Chaplin construit sa comédie sur des saynètes, qui profitent largement de cette rivalité qui fait l'essentiel de la première bobine: la journée commence, et chacun des employés vaque à une occupation différente. comme Chaplin a en charge le grand nettoyage des étagères sur lesquelles sont entreposés les articles, il empêche l'autre de faire les comptes, et tous les accessoires deviennent bien vite des prétextes à coups. ce conflit se déplace ensuite dehors, puisque le patron (Henry Bergman, dont c'est le premier rôle important) leur demande de nettoyer la vitrine. Chaplin installe alors sa caméra à bonne distance de la scène et laisse faire. Les coups qui pleuvent sont tous prévus, répétés, mis en scène, c'est l'un des grands avantages de ce film, qui est percutant, au lieu d'être fatigant à force d'agressivité incontrôlée... une large part de ce travail de préparation des coups et des bosses doit-il quelque chose à la présence de Sidney Chaplin, assistant officieux de son frère, sur la plateau? Leur future scènes communes dans les films First National pousseraient dans ce sens...

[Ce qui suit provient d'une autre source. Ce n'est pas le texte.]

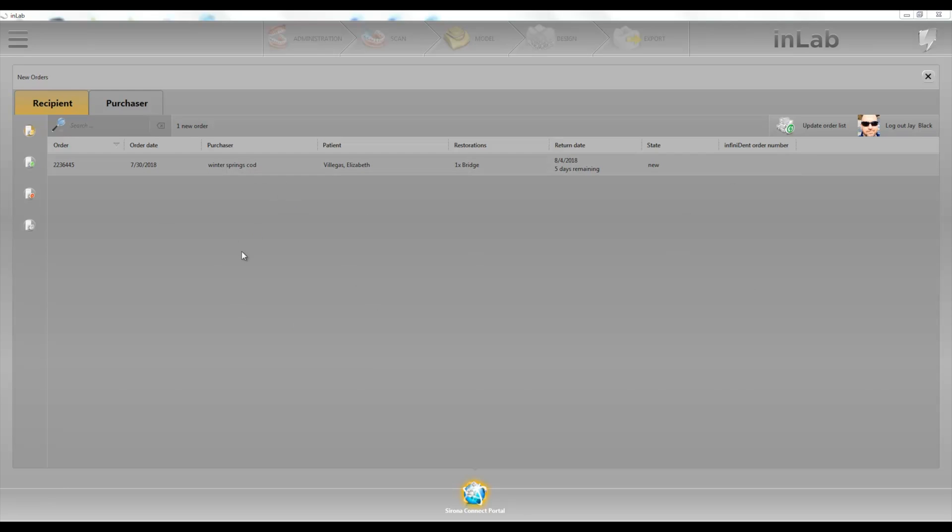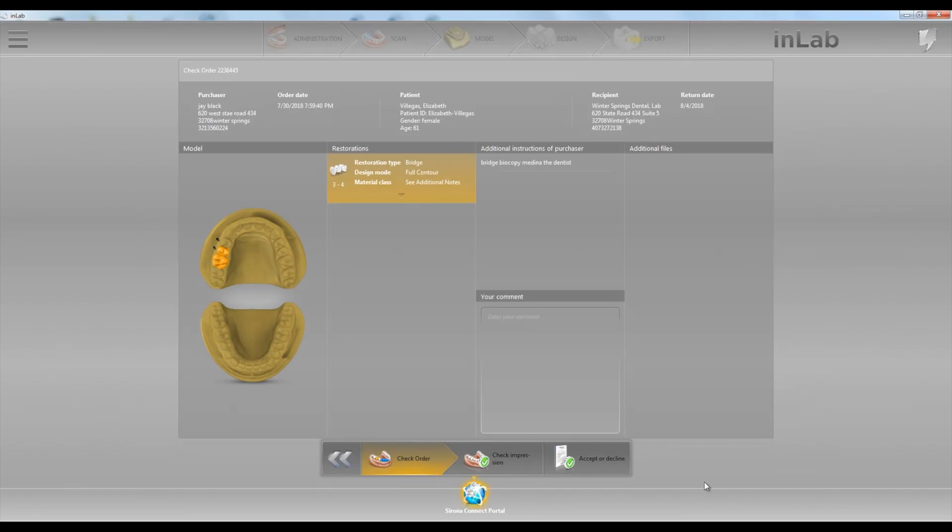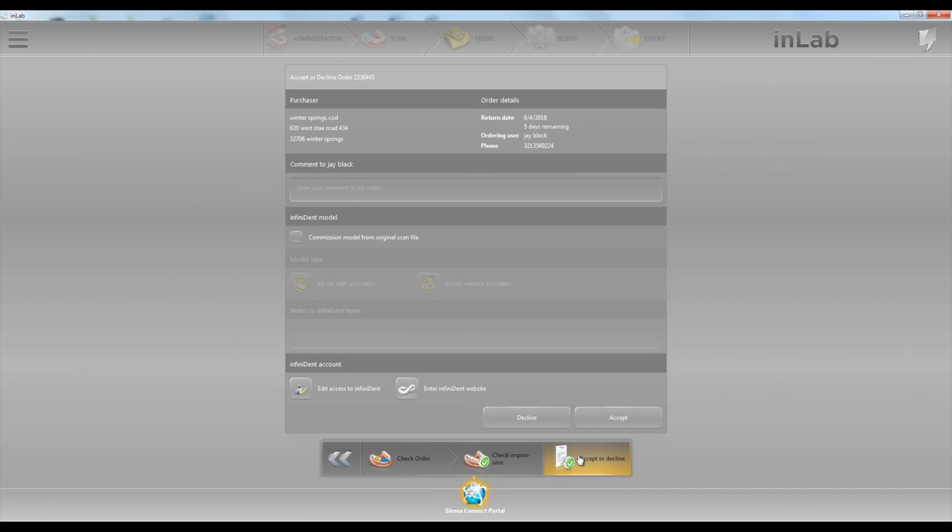So I got this case in and we're going to click on the work ticket, print it out, check the order and go ahead and accept it.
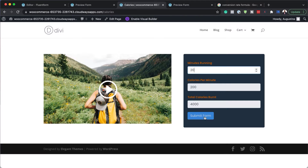If I click submit form, I can actually redirect this to any page on my website — maybe for more information or the next step after they've completed their workout. Thank you very much for watching and I'll see you in the next one. Take care.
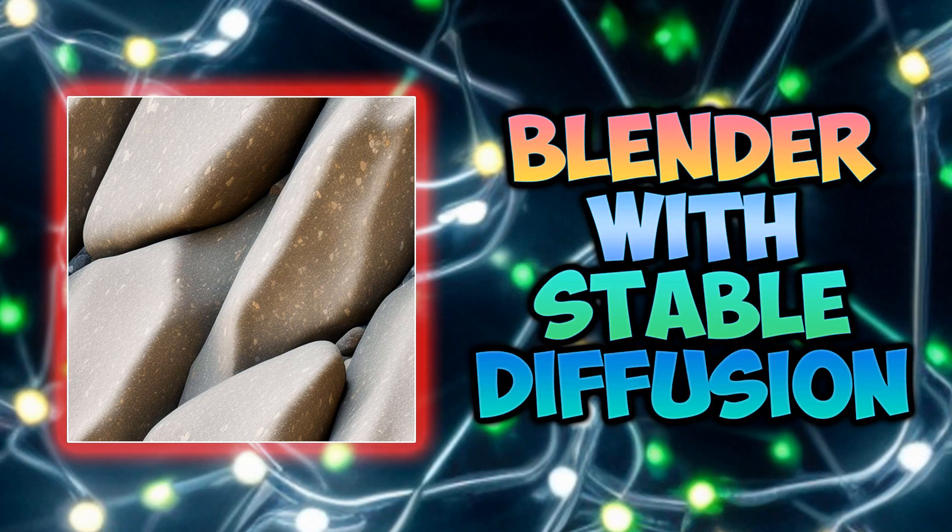In this tutorial, I'll show you how to create a seamless texture by using stable diffusion and normal map online.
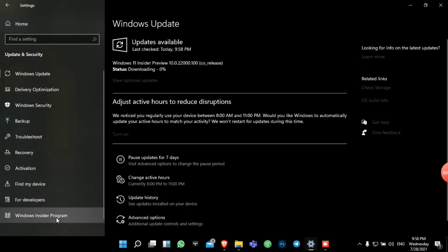Windows 11 Insider Preview will now start downloading, as it's been set to the Dev channel. Keep in mind that after it gets to about 5–10% downloaded, a window will open saying 'Getting a few things ready.' If you had not pasted the Appraisers.dll into the Sources folder, that page would show that your PC does not fulfill the TPM 2.0 and Secure Boot requirements. But with the replaced file, it will simply say 'Getting things ready' and continue.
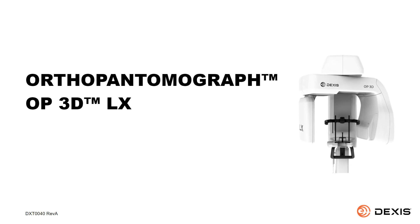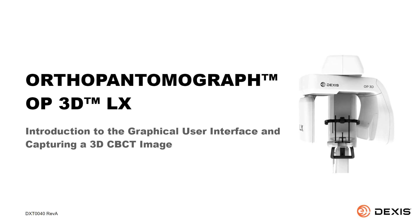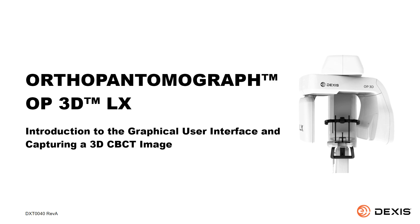Welcome to this class, Introduction to the Graphical User Interface and Capturing a 3D CBCT Image. This beginning-level recorded class is designed for clinical team members and provides instructions for capturing a 3D image using the OP3D LX.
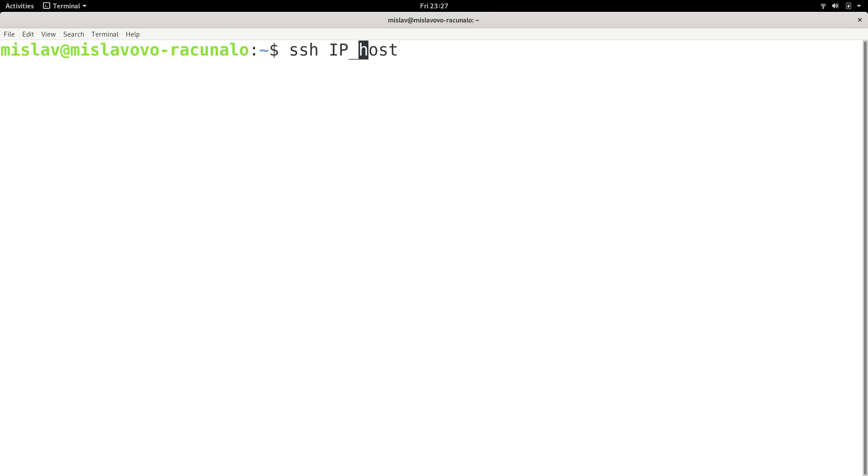If you want to connect with a different username, so if I were to just run this command and actually type in a legit IP address, I would actually connect as mislab. If I want to connect to some other user, let's say user2, then I would write user2 at IP of the host.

Chaplin et les objets: il savait faire, et aimait beaucoup utiliser l'inanimé, on l' a vu avec One A.M. ici, bien sur, il a un grand nombre d'accessoires à sa disposition, dans une boutique ou on achète et on vent de tout. Donc la scène justement célèbre du réveil démonté, dépiauté, détruit, en présence d'un Albert Austin qui n'en revient pas, mais ne dit rien, est restée dans les annales. Sinon, on aperçoit vers la fin l'immense Eric Campbell, délesté de sa barbe délirante, mais avec une moustache; son arrivée, mélange subtil de menace et de grâce féline (mais oui!!), montre bien l'importance qu'il avait pris dans le dispositif que Chaplin mettait en place; il ici est présenté comme 'the crook', l'escroc, et vient proposer des affaires sans doute louches. sa présence est utile dans un premier temps, puisqu'elle justifie que Chaplin soit obligé pour remplacer le patron parti dans l'arrière-boutique, de se tenir à la caisse, et de recevoir ce pauvre Albert Austin dans la scène du réveil. Mais en plus, elle offre un enjeu à la fin de film lorsque le bandit se révèle un peu trop gourmand, conférant une unité bienvenue à l'ensemble du court métrage. Et un dernier plan voit tous les conflits arriver à terme, et Chaplin devenir un héros, le tout en 25 secondes. Décidément, Chaplin a bien changé depuis la Keystone.